[[ DATASET RECORDS open ]]

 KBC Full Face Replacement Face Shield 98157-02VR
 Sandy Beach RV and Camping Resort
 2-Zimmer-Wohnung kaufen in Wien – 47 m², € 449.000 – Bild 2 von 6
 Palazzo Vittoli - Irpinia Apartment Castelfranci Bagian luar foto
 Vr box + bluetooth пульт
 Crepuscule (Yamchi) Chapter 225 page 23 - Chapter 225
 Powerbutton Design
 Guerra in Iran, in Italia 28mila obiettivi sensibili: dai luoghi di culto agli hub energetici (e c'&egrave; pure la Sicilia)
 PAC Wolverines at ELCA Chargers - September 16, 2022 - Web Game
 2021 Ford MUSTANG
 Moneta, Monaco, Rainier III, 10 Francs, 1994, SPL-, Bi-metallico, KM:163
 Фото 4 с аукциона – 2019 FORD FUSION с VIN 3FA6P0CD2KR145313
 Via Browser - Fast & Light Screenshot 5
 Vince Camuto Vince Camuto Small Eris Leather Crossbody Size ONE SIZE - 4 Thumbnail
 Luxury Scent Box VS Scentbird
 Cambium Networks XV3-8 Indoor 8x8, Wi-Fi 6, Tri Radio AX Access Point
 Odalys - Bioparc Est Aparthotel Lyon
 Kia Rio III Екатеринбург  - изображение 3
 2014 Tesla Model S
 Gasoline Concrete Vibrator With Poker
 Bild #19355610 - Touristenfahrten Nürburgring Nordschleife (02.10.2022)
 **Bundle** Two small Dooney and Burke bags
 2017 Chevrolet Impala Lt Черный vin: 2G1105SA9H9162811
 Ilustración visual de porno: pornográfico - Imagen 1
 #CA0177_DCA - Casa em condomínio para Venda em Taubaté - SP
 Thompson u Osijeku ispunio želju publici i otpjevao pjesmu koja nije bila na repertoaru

[[ DATASET RECORDS closed ]]

*TASK ITEM:* For this exercise, output exactly the lines above from the line with "Sandy Beach RV and Camping Resort" to the line with "Powerbutton Design", counting both, and leave out the rest.

*RESULT:*
 Sandy Beach RV and Camping Resort
 2-Zimmer-Wohnung kaufen in Wien – 47 m², € 449.000 – Bild 2 von 6
 Palazzo Vittoli - Irpinia Apartment Castelfranci Bagian luar foto
 Vr box + bluetooth пульт
 Crepuscule (Yamchi) Chapter 225 page 23 - Chapter 225
 Powerbutton Design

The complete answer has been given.